Excerpts from a dataset:
^^^^^^^^^^^^^^^^

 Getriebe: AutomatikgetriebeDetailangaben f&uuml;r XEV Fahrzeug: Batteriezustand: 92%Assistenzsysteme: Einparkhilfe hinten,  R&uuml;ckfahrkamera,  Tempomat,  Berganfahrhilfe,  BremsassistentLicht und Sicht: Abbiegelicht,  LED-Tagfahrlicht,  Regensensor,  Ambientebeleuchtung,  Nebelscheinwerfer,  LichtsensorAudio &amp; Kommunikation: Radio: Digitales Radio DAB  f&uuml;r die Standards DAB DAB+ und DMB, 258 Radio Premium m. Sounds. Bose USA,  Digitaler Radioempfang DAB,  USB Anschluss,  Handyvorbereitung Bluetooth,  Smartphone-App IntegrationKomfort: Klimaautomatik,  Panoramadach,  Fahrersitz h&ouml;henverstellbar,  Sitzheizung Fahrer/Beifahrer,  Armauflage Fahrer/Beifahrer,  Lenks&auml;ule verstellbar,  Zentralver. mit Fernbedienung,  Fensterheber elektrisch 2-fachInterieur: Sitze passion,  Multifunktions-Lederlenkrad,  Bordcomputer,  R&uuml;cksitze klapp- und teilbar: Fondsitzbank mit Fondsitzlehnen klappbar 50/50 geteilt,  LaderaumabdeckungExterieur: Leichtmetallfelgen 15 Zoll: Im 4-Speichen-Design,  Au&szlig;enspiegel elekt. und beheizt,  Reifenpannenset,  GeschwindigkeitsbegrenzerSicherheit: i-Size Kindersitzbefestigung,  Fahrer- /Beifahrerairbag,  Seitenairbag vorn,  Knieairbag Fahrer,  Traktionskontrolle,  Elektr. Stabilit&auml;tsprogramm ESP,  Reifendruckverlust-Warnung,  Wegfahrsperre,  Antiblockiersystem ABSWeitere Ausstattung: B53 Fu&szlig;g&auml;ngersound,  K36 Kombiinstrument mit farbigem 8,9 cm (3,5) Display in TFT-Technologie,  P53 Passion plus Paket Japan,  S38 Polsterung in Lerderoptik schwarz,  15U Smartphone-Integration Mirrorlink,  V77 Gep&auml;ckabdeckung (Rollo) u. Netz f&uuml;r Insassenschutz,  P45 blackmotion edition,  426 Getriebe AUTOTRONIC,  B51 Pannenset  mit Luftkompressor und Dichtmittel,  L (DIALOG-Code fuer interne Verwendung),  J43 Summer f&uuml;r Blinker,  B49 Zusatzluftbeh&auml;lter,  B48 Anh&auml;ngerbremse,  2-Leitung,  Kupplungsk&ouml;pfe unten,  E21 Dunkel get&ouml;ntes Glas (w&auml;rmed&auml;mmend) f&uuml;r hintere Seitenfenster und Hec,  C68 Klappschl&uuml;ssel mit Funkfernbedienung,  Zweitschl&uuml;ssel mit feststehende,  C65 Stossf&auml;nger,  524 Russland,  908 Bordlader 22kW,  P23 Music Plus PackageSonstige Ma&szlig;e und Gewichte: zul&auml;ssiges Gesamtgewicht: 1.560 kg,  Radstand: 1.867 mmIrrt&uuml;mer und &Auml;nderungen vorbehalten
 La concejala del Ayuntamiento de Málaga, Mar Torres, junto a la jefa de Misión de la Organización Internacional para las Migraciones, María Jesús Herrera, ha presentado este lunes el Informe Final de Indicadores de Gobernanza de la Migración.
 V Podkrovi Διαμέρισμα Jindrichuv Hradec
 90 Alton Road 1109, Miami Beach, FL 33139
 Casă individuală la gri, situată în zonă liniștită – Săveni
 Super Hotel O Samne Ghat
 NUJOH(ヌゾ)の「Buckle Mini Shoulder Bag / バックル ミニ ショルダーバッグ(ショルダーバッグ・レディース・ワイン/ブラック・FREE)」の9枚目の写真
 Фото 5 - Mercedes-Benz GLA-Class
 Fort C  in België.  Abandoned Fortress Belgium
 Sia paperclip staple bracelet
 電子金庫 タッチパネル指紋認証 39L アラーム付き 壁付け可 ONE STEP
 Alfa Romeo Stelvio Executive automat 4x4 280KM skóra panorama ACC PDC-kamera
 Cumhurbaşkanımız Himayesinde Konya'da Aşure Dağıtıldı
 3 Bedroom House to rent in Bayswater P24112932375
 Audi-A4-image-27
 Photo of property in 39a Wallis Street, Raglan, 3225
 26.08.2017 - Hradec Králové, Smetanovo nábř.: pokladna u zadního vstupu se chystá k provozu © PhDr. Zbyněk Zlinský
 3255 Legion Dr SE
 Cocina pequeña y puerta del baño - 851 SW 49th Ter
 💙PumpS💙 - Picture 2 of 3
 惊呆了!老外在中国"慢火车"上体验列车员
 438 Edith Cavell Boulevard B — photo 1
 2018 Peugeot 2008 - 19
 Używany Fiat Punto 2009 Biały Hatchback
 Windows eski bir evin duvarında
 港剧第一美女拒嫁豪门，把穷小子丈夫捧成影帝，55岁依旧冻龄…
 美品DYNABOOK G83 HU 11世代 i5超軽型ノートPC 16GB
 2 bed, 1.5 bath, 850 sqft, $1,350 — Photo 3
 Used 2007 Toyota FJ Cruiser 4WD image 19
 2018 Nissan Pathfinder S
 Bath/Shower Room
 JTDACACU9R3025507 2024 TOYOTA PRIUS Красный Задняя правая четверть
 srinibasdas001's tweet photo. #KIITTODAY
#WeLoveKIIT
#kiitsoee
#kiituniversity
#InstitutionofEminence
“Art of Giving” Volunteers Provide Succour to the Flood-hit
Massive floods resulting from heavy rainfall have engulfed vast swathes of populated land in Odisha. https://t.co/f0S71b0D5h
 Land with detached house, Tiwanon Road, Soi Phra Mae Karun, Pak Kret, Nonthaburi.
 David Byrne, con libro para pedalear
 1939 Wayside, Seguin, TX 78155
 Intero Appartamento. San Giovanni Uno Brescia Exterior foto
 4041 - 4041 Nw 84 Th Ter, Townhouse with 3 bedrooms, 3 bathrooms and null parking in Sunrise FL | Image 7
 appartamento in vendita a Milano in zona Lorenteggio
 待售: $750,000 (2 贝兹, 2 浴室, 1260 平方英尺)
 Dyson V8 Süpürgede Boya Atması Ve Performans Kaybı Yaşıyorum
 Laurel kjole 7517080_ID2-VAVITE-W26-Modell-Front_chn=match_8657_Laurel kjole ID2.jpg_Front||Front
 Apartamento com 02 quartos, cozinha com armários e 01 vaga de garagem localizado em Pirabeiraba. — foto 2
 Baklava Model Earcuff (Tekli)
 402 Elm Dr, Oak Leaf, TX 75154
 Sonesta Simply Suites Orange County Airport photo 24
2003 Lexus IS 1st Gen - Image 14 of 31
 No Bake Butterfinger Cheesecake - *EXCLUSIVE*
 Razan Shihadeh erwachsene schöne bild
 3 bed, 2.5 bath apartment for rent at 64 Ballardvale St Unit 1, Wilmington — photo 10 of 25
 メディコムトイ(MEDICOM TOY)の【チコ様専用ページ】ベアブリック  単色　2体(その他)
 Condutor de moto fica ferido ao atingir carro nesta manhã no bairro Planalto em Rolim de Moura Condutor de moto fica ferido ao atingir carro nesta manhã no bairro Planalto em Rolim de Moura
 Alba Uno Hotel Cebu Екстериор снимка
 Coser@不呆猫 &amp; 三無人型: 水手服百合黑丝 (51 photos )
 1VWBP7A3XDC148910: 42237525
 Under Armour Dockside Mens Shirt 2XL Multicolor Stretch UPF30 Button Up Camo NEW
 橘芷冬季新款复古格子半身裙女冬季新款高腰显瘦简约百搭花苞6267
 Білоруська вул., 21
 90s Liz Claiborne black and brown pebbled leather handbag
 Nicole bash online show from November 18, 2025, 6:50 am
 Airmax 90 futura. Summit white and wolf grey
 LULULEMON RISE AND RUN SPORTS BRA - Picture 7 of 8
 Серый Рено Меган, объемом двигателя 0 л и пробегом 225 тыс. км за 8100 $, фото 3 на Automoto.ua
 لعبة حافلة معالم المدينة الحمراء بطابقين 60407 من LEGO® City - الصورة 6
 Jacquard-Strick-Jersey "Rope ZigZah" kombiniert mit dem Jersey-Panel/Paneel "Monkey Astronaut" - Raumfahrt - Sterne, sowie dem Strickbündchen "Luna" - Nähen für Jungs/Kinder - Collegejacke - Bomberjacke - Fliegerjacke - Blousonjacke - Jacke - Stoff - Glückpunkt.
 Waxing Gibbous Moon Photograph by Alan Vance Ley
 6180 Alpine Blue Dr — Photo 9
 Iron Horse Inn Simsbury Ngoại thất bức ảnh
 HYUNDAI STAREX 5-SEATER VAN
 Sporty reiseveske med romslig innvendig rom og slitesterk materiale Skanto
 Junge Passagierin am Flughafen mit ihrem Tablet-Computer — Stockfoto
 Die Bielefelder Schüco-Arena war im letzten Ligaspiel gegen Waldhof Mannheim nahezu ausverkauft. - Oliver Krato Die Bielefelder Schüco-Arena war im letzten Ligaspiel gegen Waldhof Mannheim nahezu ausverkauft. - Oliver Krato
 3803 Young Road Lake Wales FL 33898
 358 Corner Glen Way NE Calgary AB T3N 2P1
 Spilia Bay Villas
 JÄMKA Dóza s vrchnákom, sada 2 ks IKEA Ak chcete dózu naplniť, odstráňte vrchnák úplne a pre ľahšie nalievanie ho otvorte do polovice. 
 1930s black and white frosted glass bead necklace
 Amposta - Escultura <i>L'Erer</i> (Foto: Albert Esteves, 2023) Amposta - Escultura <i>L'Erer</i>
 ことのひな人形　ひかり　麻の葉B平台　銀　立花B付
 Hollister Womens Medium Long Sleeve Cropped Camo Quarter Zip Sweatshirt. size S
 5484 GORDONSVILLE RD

^^^^^^^^^^^^^^^^

→ **About this exercise**:
Among the entries above, the line containing "Bath/Shower Room", the line containing "4041 - 4041", and all lines between them are to be restated word for word; nothing else belongs in the reply.

→ **Response for this exercise**:
 Bath/Shower Room
 JTDACACU9R3025507 2024 TOYOTA PRIUS Красный Задняя правая четверть
 srinibasdas001's tweet photo. #KIITTODAY
#WeLoveKIIT
#kiitsoee
#kiituniversity
#InstitutionofEminence
“Art of Giving” Volunteers Provide Succour to the Flood-hit
Massive floods resulting from heavy rainfall have engulfed vast swathes of populated land in Odisha. https://t.co/f0S71b0D5h
 Land with detached house, Tiwanon Road, Soi Phra Mae Karun, Pak Kret, Nonthaburi.
 David Byrne, con libro para pedalear
 1939 Wayside, Seguin, TX 78155
 Intero Appartamento. San Giovanni Uno Brescia Exterior foto
 4041 - 4041 Nw 84 Th Ter, Townhouse with 3 bedrooms, 3 bathrooms and null parking in Sunrise FL | Image 7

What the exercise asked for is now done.